Say we have a sample with a bunch of the original stuff, and you can see when each of them decays. One of them will take $t_1$, another $t_2$, another... If we calculate the average of those, we get a time called 'average life', usually denoted by the greek letter $\tau$:
$\tau = \frac{\sum_i t_i}{N}$
If the sample is big enough, the number of decays we see in a time interval $dt$ is (*)
$ N\frac{dt}{\tau} $,
or, in terms of change in the number of undecayed nuclei,
$ dN=-N \frac{dt}{\tau} $.
If you solve the differential equation, you get:
$ \frac{dN}{dt} = -\frac{N}{\tau} \Rightarrow N(t)=N_0 e^{-t/\tau} $
Which, comparing to yours,
$ N(t)=N_0 e^{-t/\tau}=N_0 e^{-\lambda t} \Rightarrow \lambda = \frac{1}{\tau} $
(*) I know this is overly simplified, but you would probably have to work from Poisson statistics up to really justify this.

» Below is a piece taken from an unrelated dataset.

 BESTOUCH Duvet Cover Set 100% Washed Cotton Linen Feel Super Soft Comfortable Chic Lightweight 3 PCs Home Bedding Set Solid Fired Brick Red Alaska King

Edit: to better answer question 1, let's have a look at the activity by derivating the number of particles not yet disintegrated, $ N(t) $:
$ A(t) = - \frac{dN}{dt} = - \frac{d}{dt} \left( N_0 e^{-\lambda t} \right) = \lambda N_0 e^{-\lambda t} = \lambda N(t) $
So $ \lambda $, besides being the reciprocal of the average life, also links activity and number of radioactive particles.